Provided records:
= Beginning of Section =
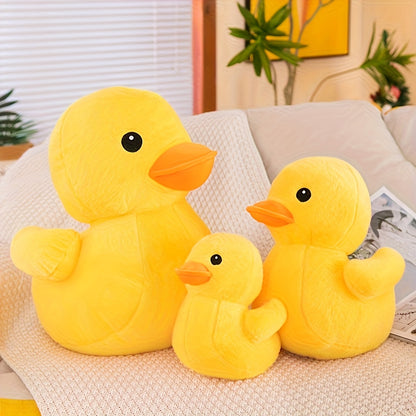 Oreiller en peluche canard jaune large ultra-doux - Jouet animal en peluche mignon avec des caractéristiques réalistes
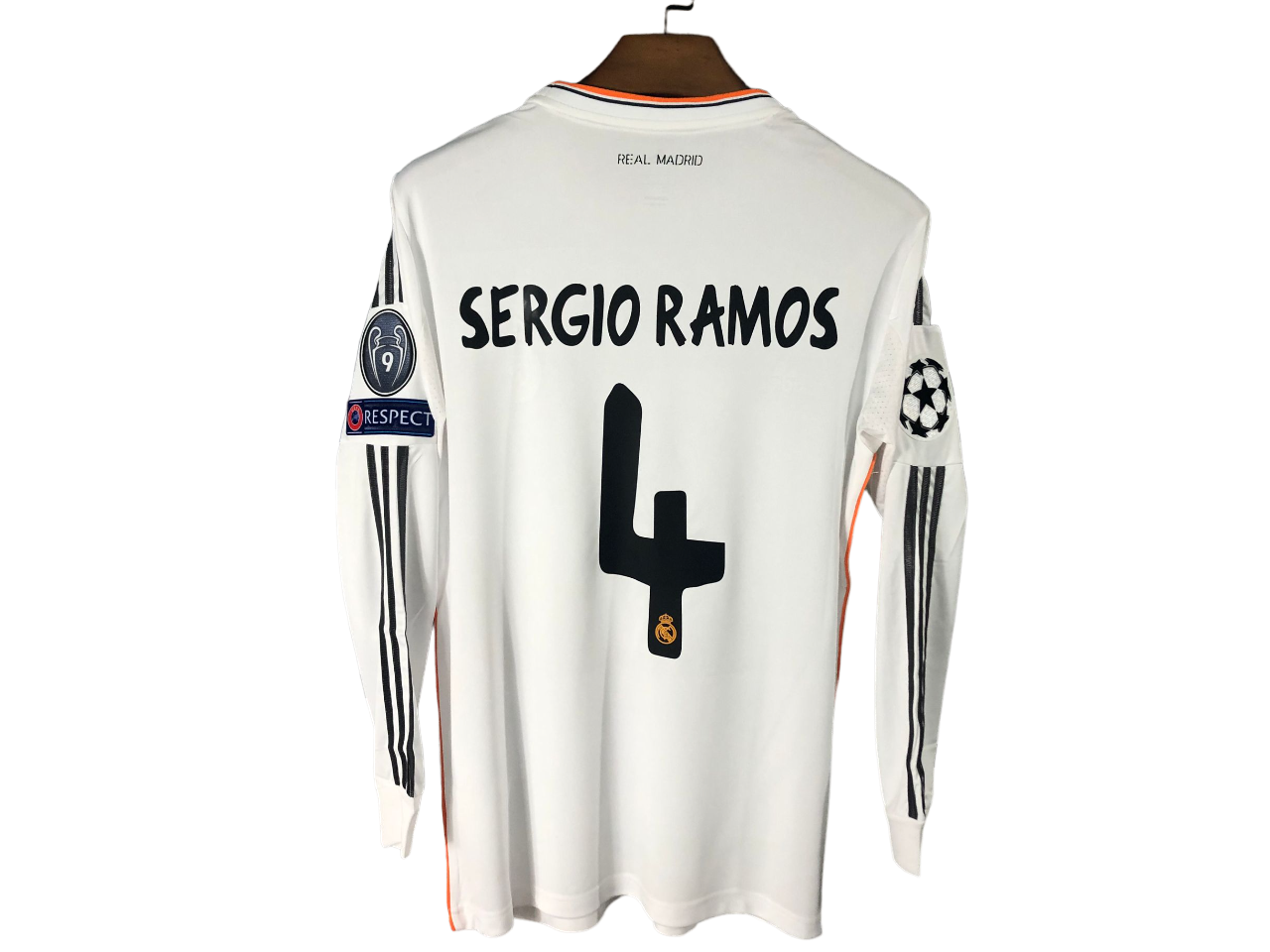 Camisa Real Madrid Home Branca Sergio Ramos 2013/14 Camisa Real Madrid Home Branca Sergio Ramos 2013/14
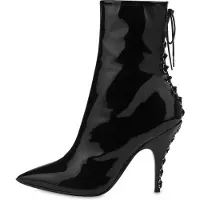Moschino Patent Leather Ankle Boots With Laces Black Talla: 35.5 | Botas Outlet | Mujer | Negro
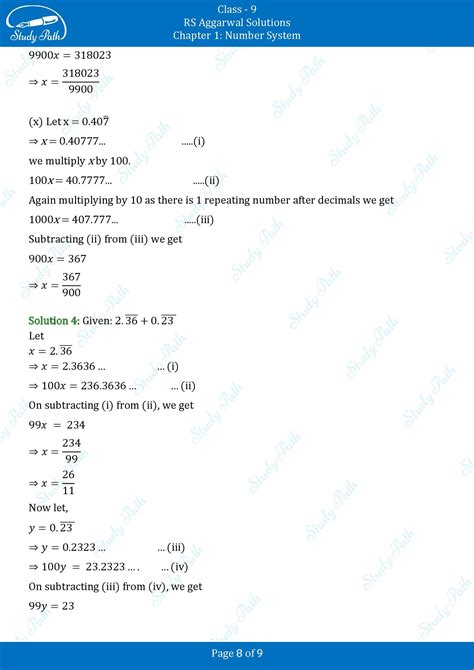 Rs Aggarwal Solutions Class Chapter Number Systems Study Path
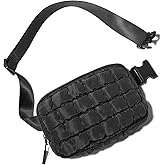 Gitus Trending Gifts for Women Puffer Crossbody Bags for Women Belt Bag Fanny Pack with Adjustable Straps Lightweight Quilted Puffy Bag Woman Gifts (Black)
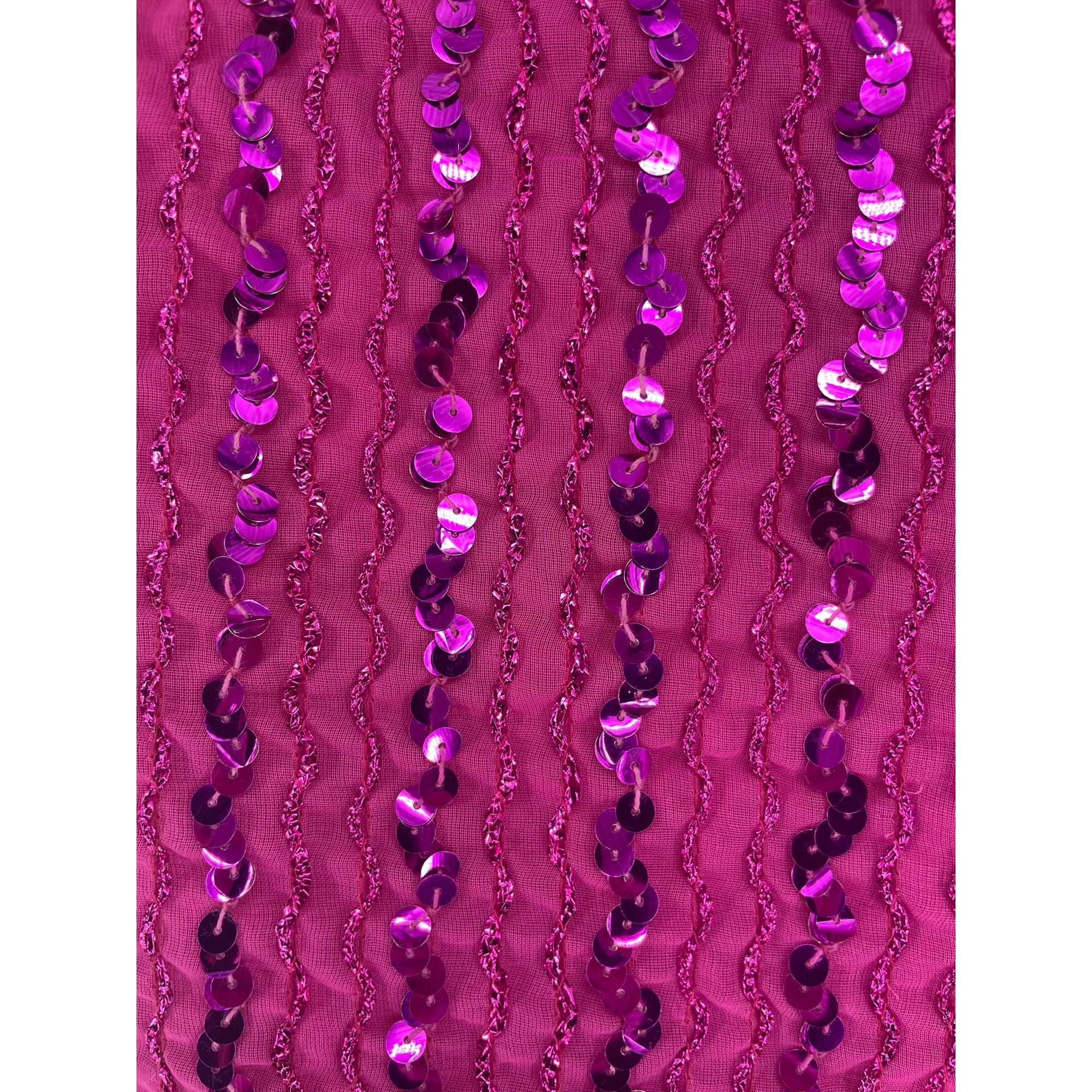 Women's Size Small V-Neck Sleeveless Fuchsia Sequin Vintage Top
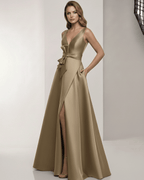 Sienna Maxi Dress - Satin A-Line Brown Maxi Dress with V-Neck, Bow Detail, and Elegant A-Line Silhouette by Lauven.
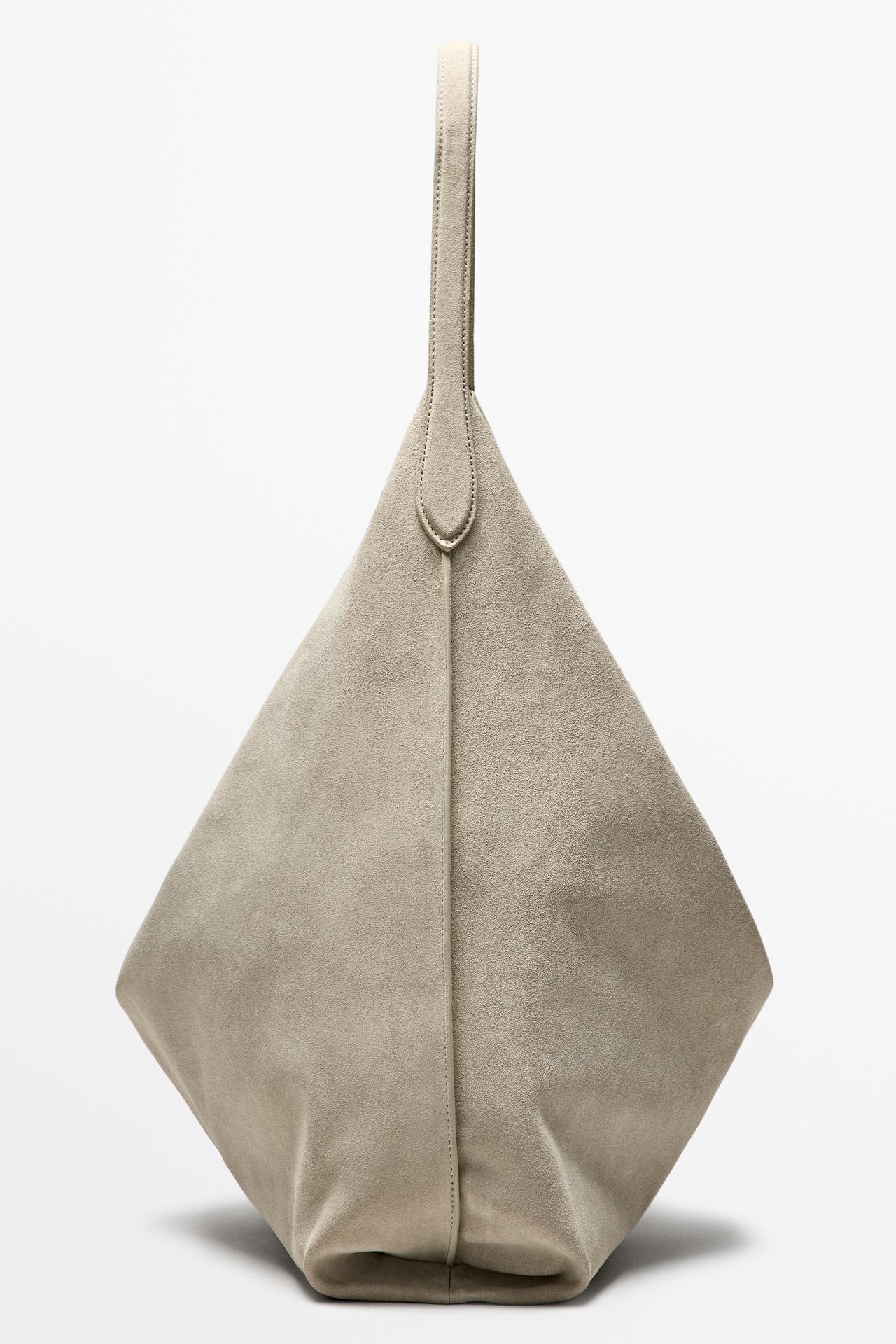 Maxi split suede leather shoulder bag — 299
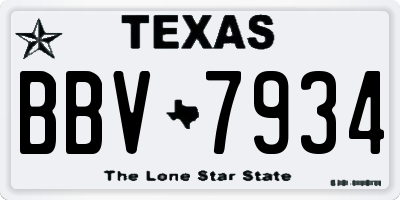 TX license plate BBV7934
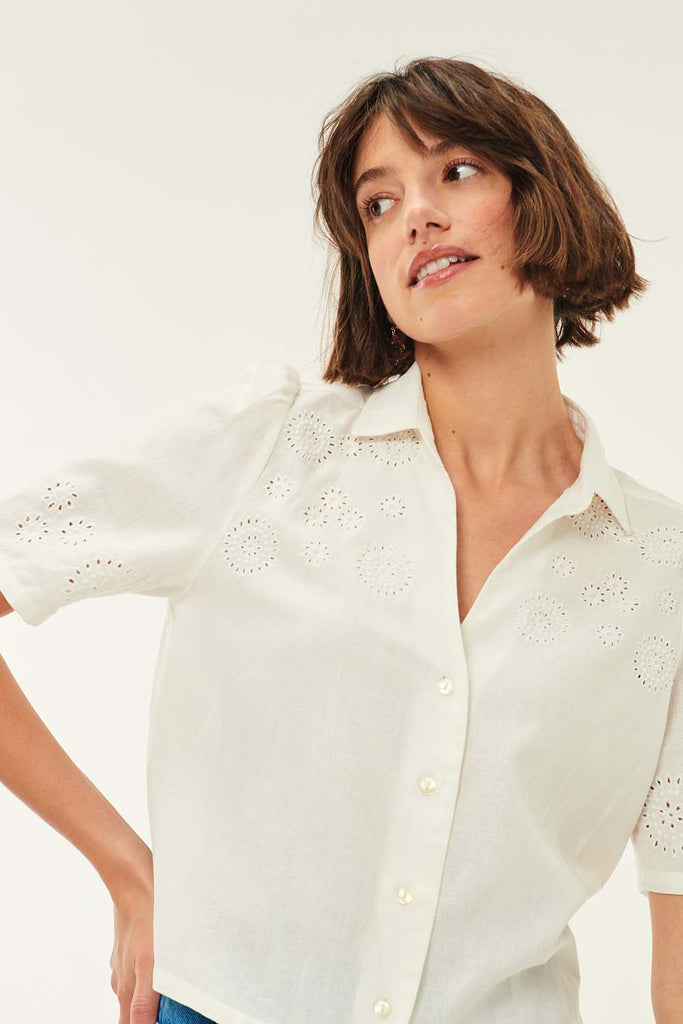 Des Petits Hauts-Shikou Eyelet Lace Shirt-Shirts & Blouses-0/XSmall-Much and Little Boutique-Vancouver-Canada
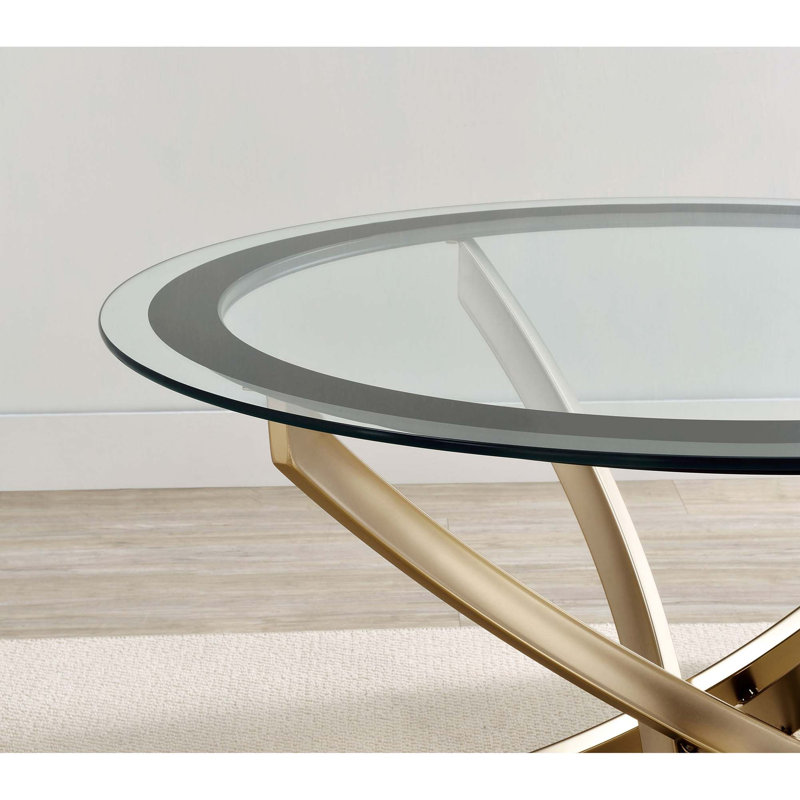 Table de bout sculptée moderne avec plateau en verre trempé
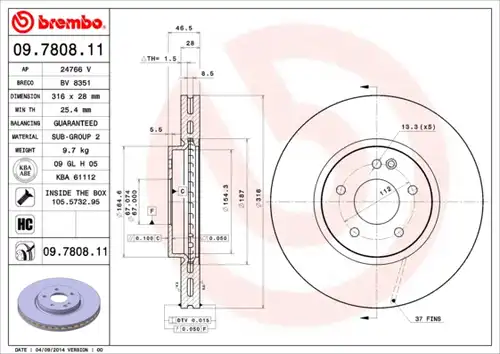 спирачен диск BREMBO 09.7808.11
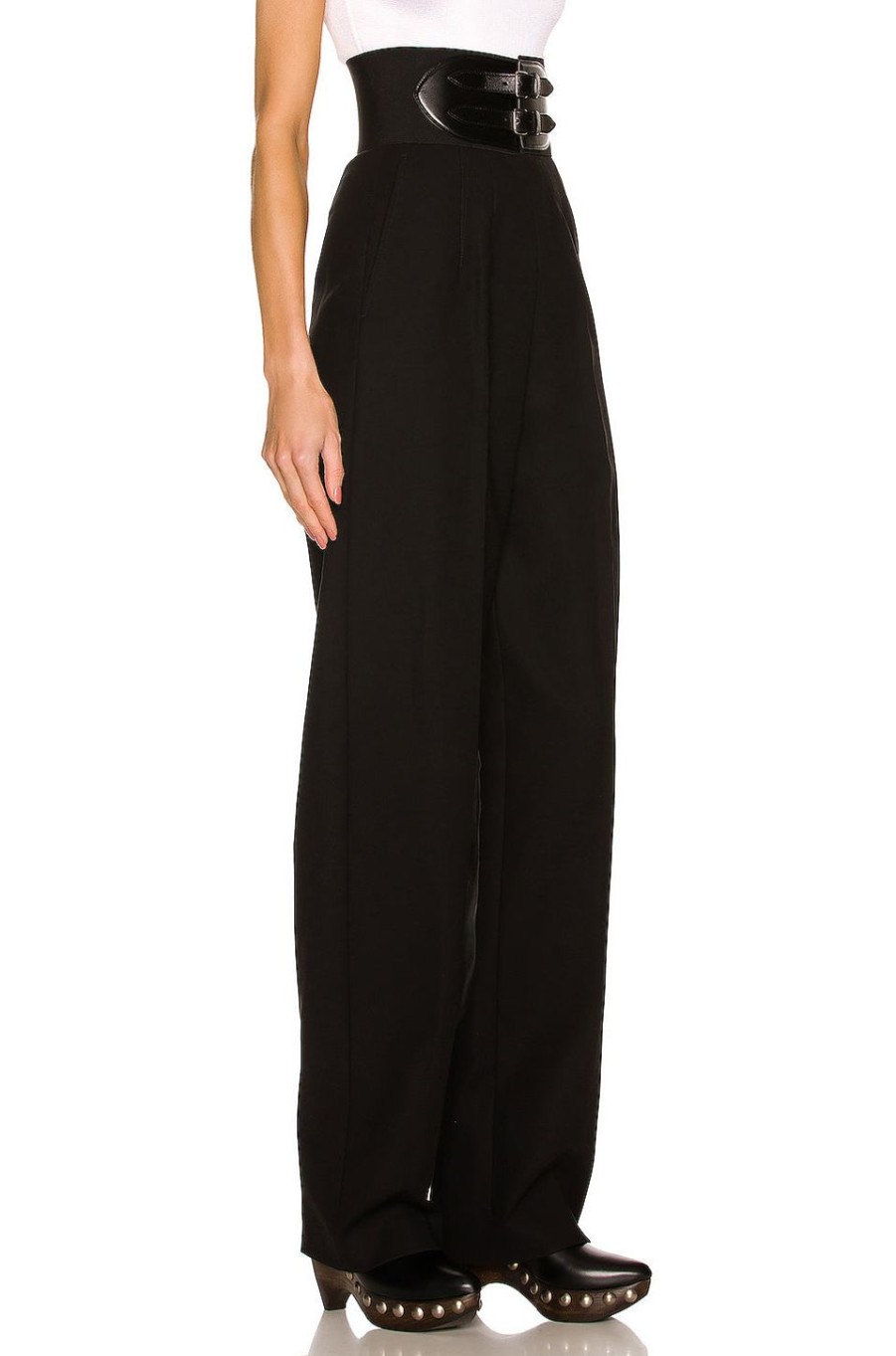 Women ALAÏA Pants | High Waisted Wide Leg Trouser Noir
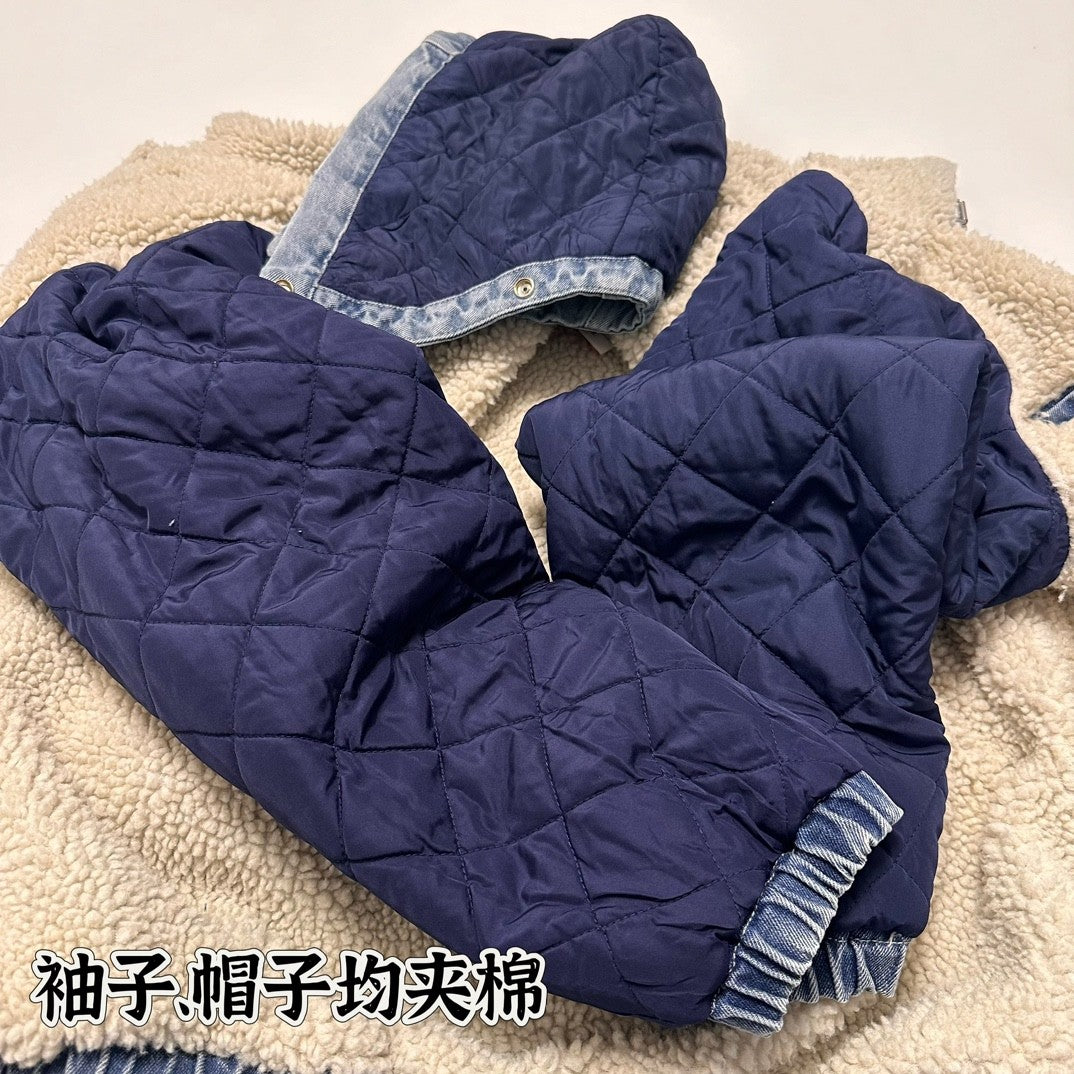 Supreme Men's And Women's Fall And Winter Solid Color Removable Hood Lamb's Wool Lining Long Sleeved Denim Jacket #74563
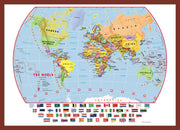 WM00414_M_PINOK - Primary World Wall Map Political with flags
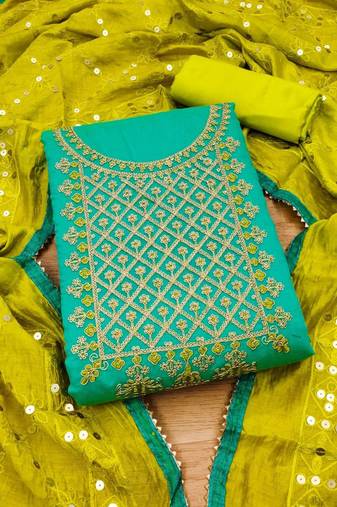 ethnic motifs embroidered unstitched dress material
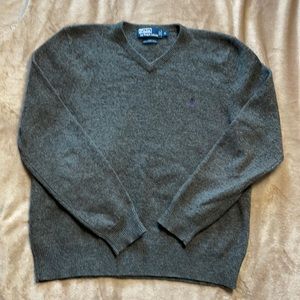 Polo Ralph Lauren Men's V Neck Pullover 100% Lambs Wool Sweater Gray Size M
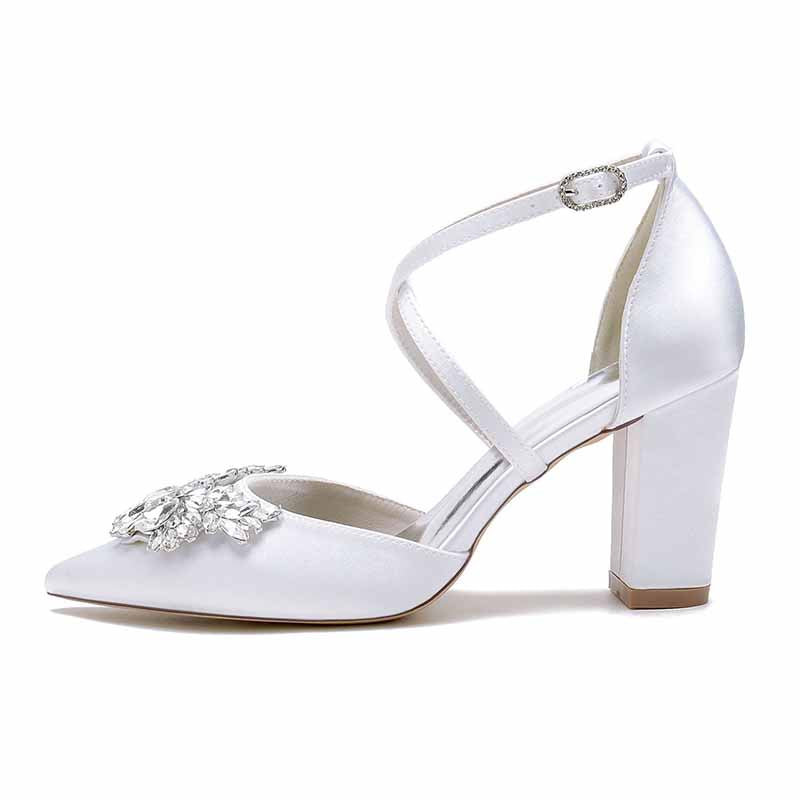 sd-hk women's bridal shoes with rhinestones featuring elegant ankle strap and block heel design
= End of Section =
What the task asks: Write out each entry above once more, exactly as written, and drop the pictures.

Reply:
 Oreiller en peluche canard jaune large ultra-doux - Jouet animal en peluche mignon avec des caractéristiques réalistes
 Camisa Real Madrid Home Branca Sergio Ramos 2013/14 Camisa Real Madrid Home Branca Sergio Ramos 2013/14
Moschino Patent Leather Ankle Boots With Laces Black Talla: 35.5 | Botas Outlet | Mujer | Negro
 Rs Aggarwal Solutions Class Chapter Number Systems Study Path
 Gitus Trending Gifts for Women Puffer Crossbody Bags for Women Belt Bag Fanny Pack with Adjustable Straps Lightweight Quilted Puffy Bag Woman Gifts (Black)
 Women's Size Small V-Neck Sleeveless Fuchsia Sequin Vintage Top
 Sienna Maxi Dress - Satin A-Line Brown Maxi Dress with V-Neck, Bow Detail, and Elegant A-Line Silhouette by Lauven.
 Maxi split suede leather shoulder bag — 299
 TX license plate BBV7934
 Des Petits Hauts-Shikou Eyelet Lace Shirt-Shirts & Blouses-0/XSmall-Much and Little Boutique-Vancouver-Canada
 Table de bout sculptée moderne avec plateau en verre trempé
 спирачен диск BREMBO 09.7808.11
 Women ALAÏA Pants | High Waisted Wide Leg Trouser Noir
 Supreme Men's And Women's Fall And Winter Solid Color Removable Hood Lamb's Wool Lining Long Sleeved Denim Jacket #74563
 WM00414_M_PINOK - Primary World Wall Map Political with flags
 ethnic motifs embroidered unstitched dress material
 Polo Ralph Lauren Men's V Neck Pullover 100% Lambs Wool Sweater Gray Size M
 sd-hk women's bridal shoes with rhinestones featuring elegant ankle strap and block heel design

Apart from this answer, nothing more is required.